Negative impact of heavy-tailed uncertainty and error distributions on the reliability of calibration statistics for machine learning regression tasks
Pascal Pernot
TL;DR
This work analyzes how heavy-tailed uncertainty and error distributions undermine the reliability of average calibration statistics for regression in ML-UQ. It contrasts relative calibration error ($RCE$) and mean-squared-score ($ZMS$) approaches, showing $RCE$ is highly sensitive to tails and outliers while $ZMS$ is more robust but not infallible. Through synthetic experiments and real ML-UQ datasets, it demonstrates widespread tail heaviness in uncertainty and error distributions, leading to unreliable bootstrap CIs for mean-based metrics and frequent disagreements between calibration diagnostics.

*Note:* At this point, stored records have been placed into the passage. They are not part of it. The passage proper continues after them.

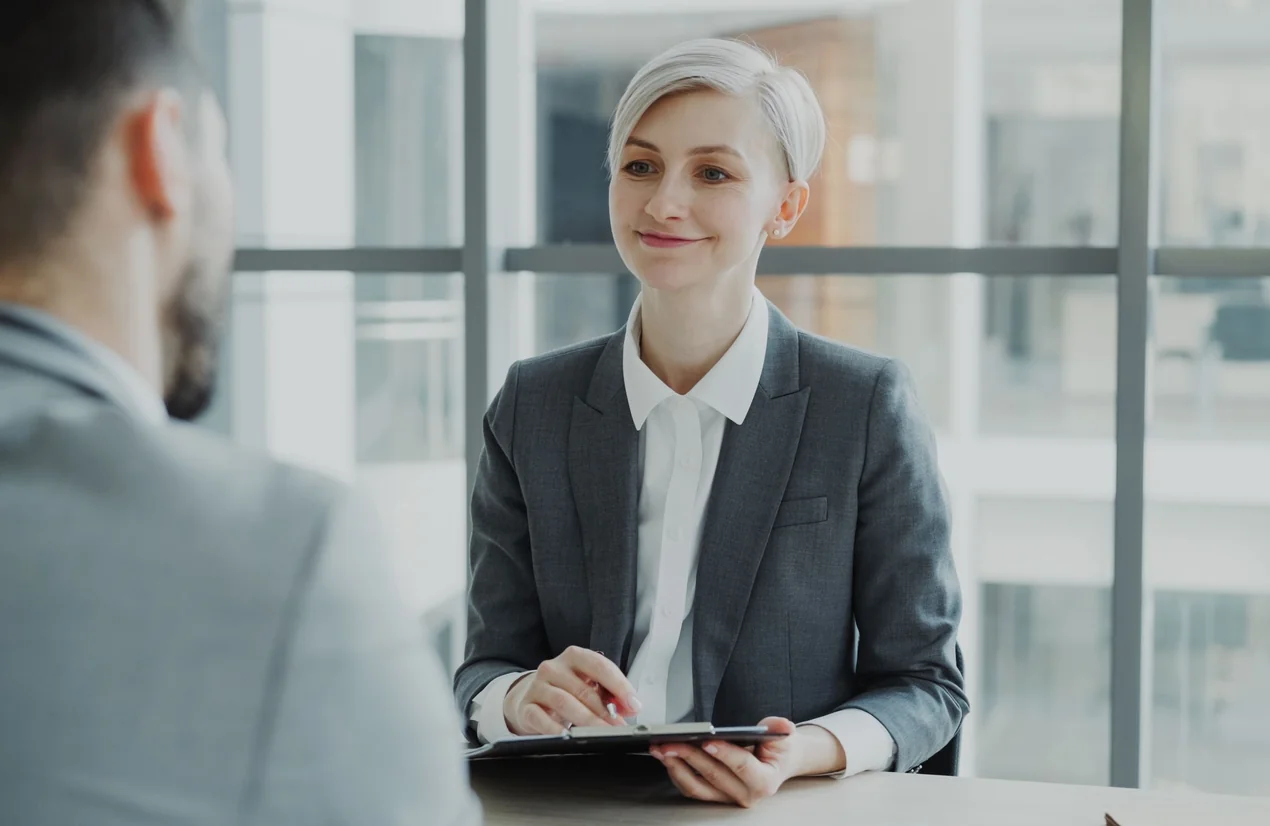 Una responsabile delle persone che parla con un collega in ufficio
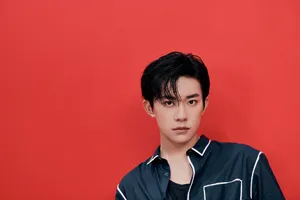 易烊千玺湿发沉稳绅士写真图片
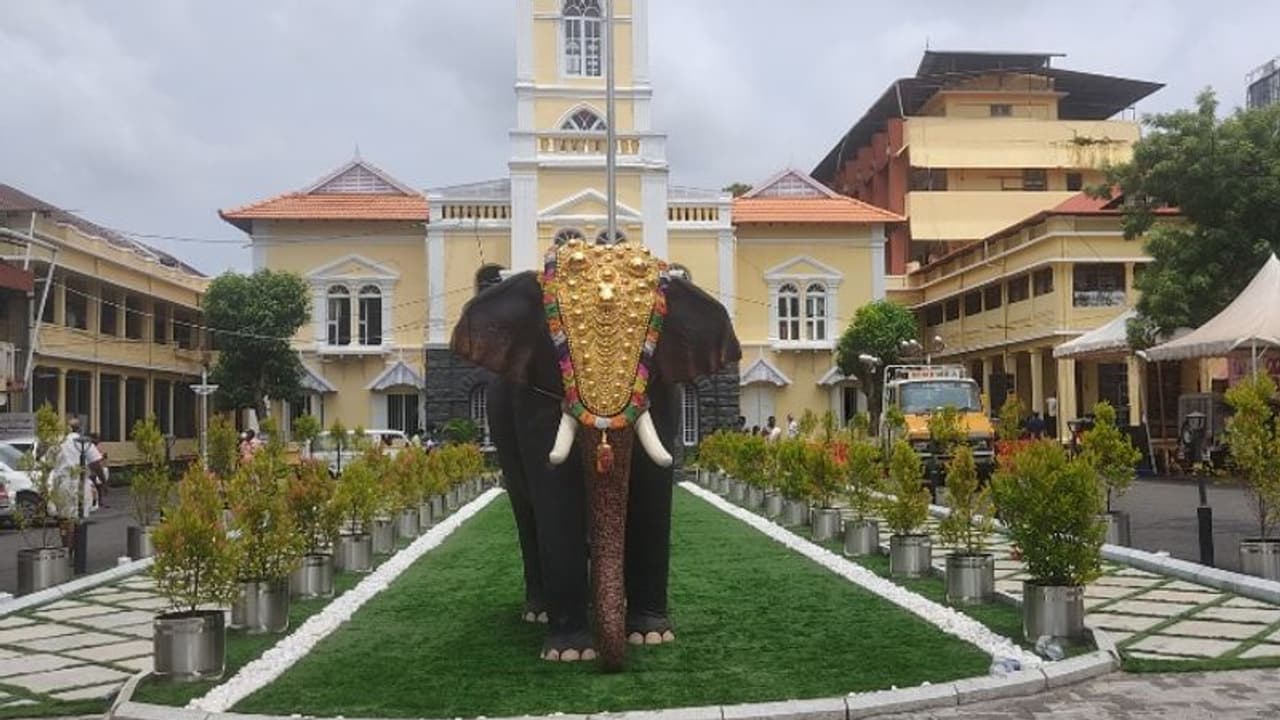 ഡമ്മിയാനയെ ഇറക്കി പൂര വിളംബരം; വീണുകിട്ടിയ വടി ആയുധമാക്കി പ്രതിപക്ഷം, തൃശൂർക്കാരെ അപമാനിച്ചെന്ന് ആക്ഷേപം ഡമ്മിയാനയെ ഇറക്കി പൂര വിളംബരം; വീണുകിട്ടിയ വടി ആയുധമാക്കി പ്രതിപക്ഷം, തൃശൂർക്കാരെ അപമാനിച്ചെന്ന് ആക്ഷേപം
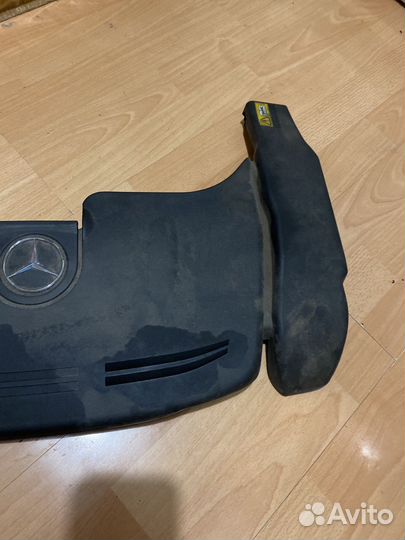 Крышка мотора 276 mercedes CLS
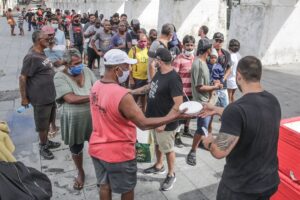 Fome lucrativa: um novo bilionário surgiu a cada 26 horas durante a pandemia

The paper proposes tailedness screening with robust metrics, cautions against overreliance on mean-based calibration, and suggests alternative uncertainty representations or adjusted formulations to improve calibration validation in practice.
Abstract
Average calibration of the (variance-based) prediction uncertainties of machine learning regression tasks can be tested in two ways: one is to estimate the calibration error (CE) as the difference between the mean absolute error (MSE) and the mean variance (MV); the alternative is to compare the mean squared z-scores (ZMS) to 1. The problem is that both approaches might lead to different conclusions, as illustrated in this study for an ensemble of datasets from the recent machine learning uncertainty quantification (ML-UQ) literature. It is shown that the estimation of MV, MSE and their confidence intervals becomes unreliable for heavy-tailed uncertainty and error distributions, which seems to be a frequent feature of ML-UQ datasets. By contrast, the ZMS statistic is less sensitive and offers the most reliable approach in this context, still acknowledging that datasets with heavy-tailed z-scores distributions should be considered with great care. Unfortunately, the same problem is expected to affect also conditional calibrations statistics, such as the popular ENCE, and very likely post-hoc calibration methods based on similar statistics. Several solutions to circumvent the outlined problems are proposed.